#### EXERCISE DIRECTIONS:
In the data below, the answer is the run of lines from the line containing "[강물처럼]위쉬몰 RM 앞트임스판버튼스커트(F365H509) 빅사이즈" through the line containing "Pioneer Woman Deviled Eggs Insanely Good", both included; print it exactly and nothing else.
** Opening DATA SUPPLIED block **
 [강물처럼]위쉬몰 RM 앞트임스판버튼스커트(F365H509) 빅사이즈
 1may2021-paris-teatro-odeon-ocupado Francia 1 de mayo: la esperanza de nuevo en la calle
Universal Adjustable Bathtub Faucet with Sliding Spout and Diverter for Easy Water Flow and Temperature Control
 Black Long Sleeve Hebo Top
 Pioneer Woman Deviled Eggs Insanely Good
** Closing DATA SUPPLIED block **
** Opening DATA SUPPLIED block **
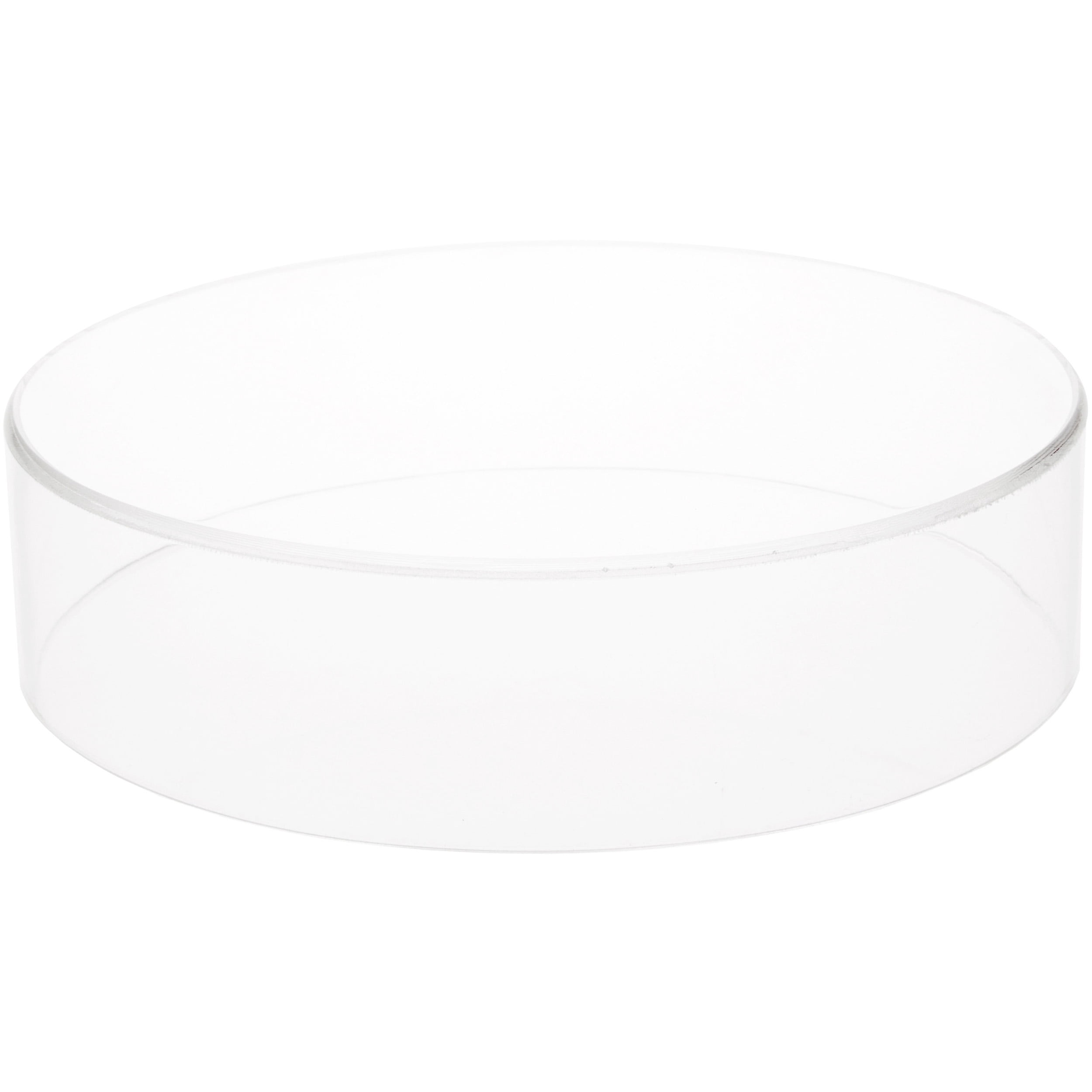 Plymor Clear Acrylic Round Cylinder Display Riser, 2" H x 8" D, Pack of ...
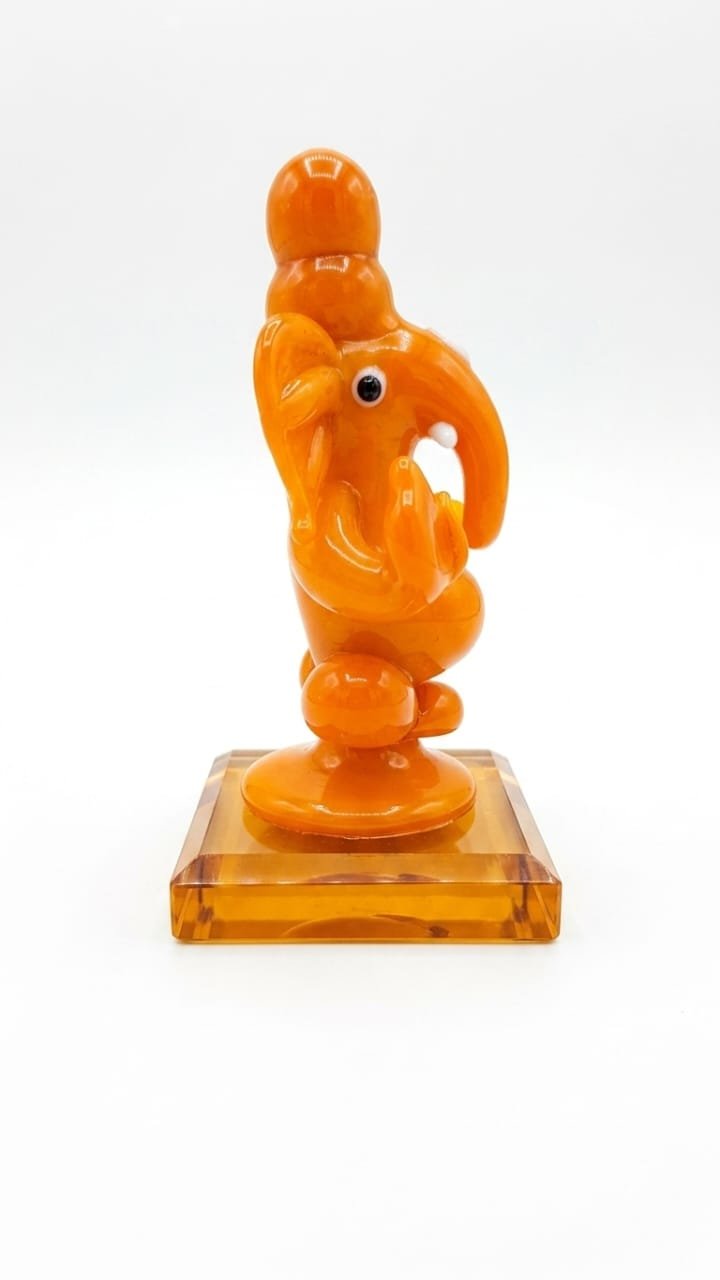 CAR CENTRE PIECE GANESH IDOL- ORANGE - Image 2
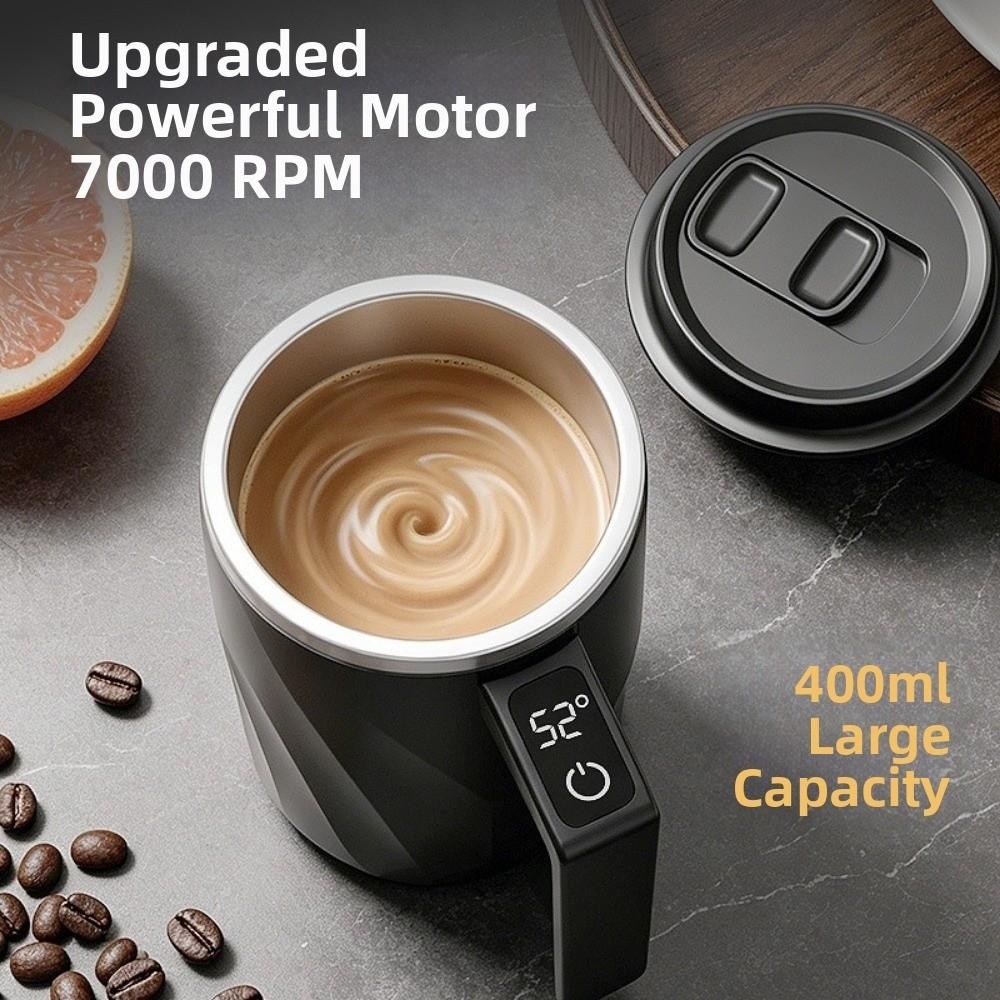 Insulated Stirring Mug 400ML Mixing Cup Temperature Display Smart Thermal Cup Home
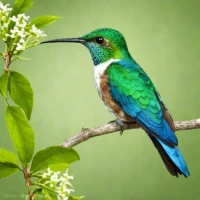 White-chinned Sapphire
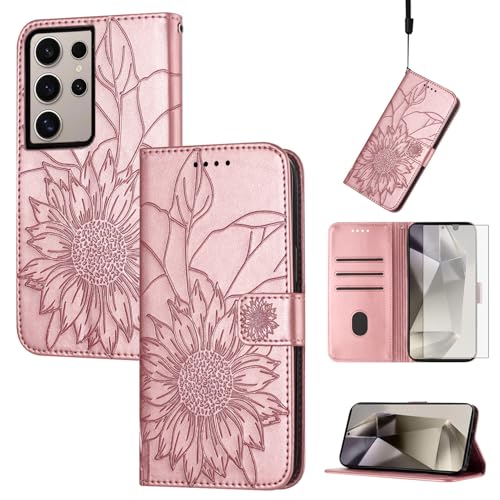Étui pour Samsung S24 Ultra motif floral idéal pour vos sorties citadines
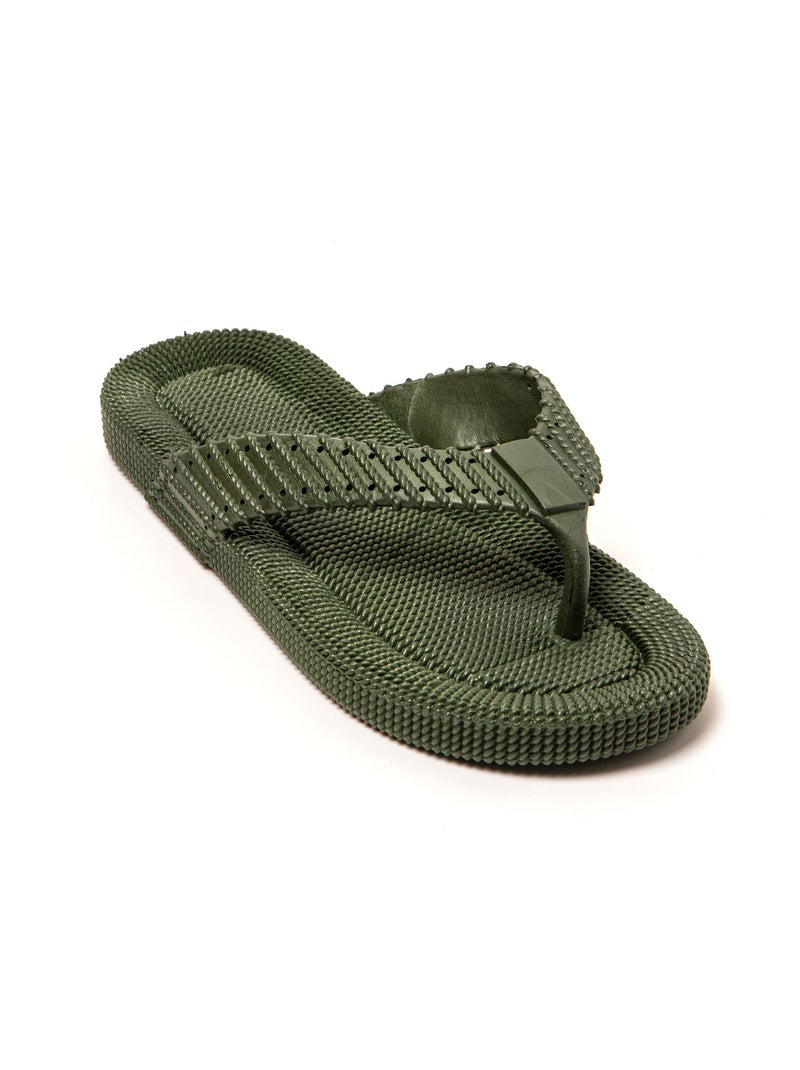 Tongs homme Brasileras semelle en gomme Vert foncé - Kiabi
** Closing DATA SUPPLIED block **
#### WRITTEN RESPONSE:
 [강물처럼]위쉬몰 RM 앞트임스판버튼스커트(F365H509) 빅사이즈
 1may2021-paris-teatro-odeon-ocupado Francia 1 de mayo: la esperanza de nuevo en la calle
Universal Adjustable Bathtub Faucet with Sliding Spout and Diverter for Easy Water Flow and Temperature Control
 Black Long Sleeve Hebo Top
 Pioneer Woman Deviled Eggs Insanely Good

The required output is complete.